I’ve been trying to implement qa_ver0 model by Michael Betancourt from here and found that removing the observed
keyword from the likelihood specification massively slows down the sampling and causes significant sampling difficulties (divergences, very low effective sample size). Why is that?
I understand that with observed
data, we are effectively sampling a prior. And I understand that the recommended way to sample the prior is via sample_prior_predictive
(which uses ancestral sampling instead of MCMC). But I am not sure why MCMC sampling should be quite so ineffective. Yes it needs to convege, but it needs to converge with the posteriors too. And yes with a broad prior there is a large space for MCMC to explore - but still the sheer extent of the difficulties is surprising to me.
I think it’s a general question but for the sake of completeness here is my code. First with observations:
with pm.Model(coords={"observation_sample": range(N), "config": range(N_factor_configs)}) as qa_ver0:
t_data = pm.ConstantData("obs_times", t, dims="observation_sample")
y_data = pm.ConstantData("obs_passing_items", y, dims="observation_sample")
baseline = pm.Normal("baseline", mu=-3, sigma=2)
alpha = pm.Normal("alpha", mu=4, sigma=2)
p = pm.Deterministic("p", pm.math.invlogit(alpha + baseline * t_data / 365.0), dims="observation_sample")
passing_items = pm.Binomial("passing_items", p=p, n=N_samples, observed=y, dims="observation_sample")
with qa_ver0:
trace_qa_ver0 = pm.sample()
No problems sampling:
Sampling 4 chains for 1_000 tune and 1_000 draw iterations (4_000 + 4_000 draws total) took 5 seconds.
Now if I remove observed
data:
with pm.Model(coords={"observation_sample": range(N), "config": range(N_factor_configs)}) as qa_ver0_prior:
t_data = pm.ConstantData("obs_times", t, dims="observation_sample")
y_data = pm.ConstantData("obs_passing_items", y, dims="observation_sample")
baseline = pm.Normal("baseline", mu=-3, sigma=2)

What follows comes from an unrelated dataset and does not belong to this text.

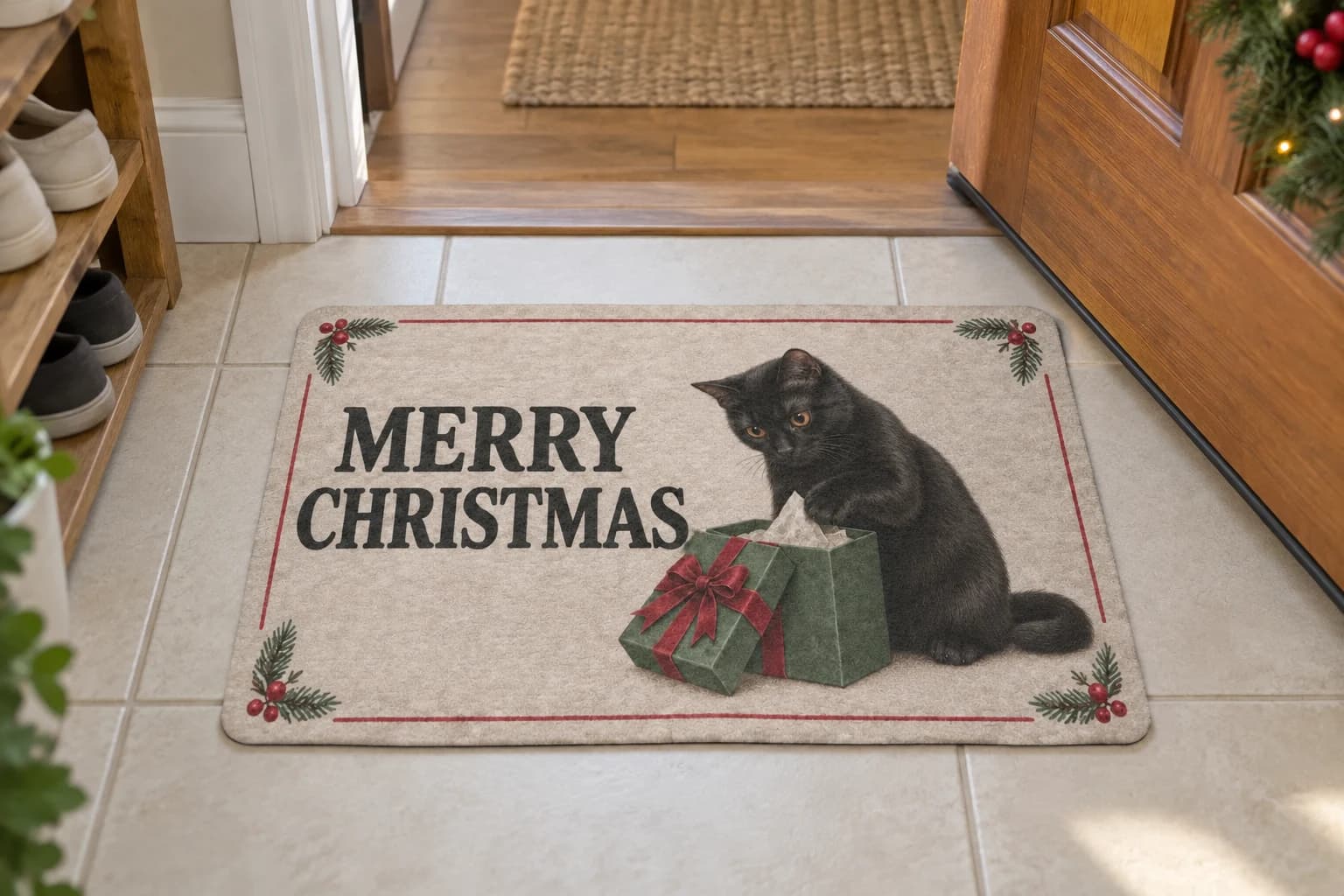 Quality Control mat on the entryway floor inside the front door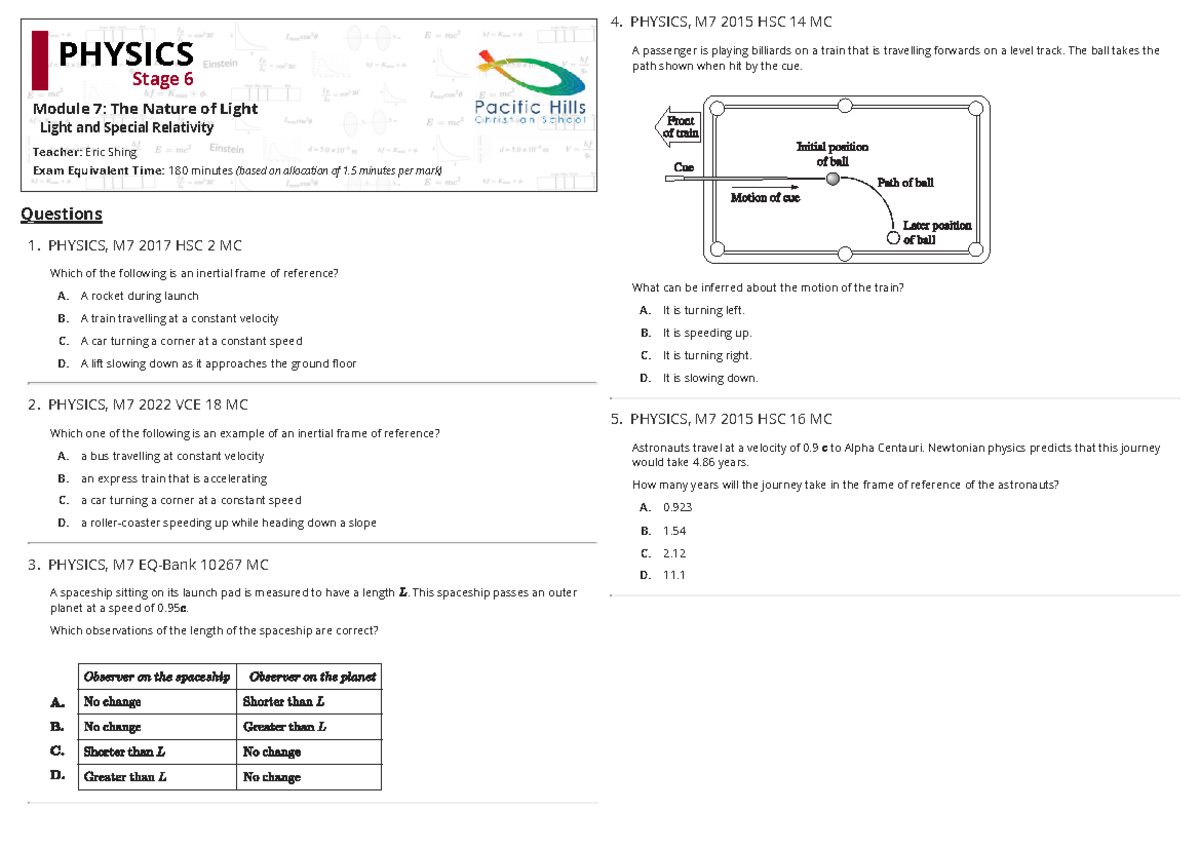 PHYSICS M7 2023 HSC Special Relativity Study Notes - Studocu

alpha = pm.Normal("alpha", mu=4, sigma=2)
p = pm.Deterministic("p", pm.math.invlogit(alpha + baseline * t_data / 365.0), dims="observation_sample")
passing_items = pm.Binomial("passing_items", p=p, n=N_samples, dims="observation_sample")
with qa_ver0_prior:
trace_qa_ver0_prior = pm.sample()
Sampling 4 chains for 1_000 tune and 1_000 draw iterations (4_000 + 4_000 draws total) took 920 seconds.
The rhat statistic is larger than 1.01 for some parameters. This indicates problems during sampling. See https://arxiv.org/abs/1903.08008 for details
The effective sample size per chain is smaller than 100 for some parameters. A higher number is needed for reliable rhat and ess computation. See https://arxiv.org/abs/1903.08008 for details
To emphasise the key points here: 15 min to sample, high rhat, low effective sample size. In this specific example there are no divergences but previously I had also observed divergences
(For replication, the data (y
, t
, N
, N_samples
etc) are from here)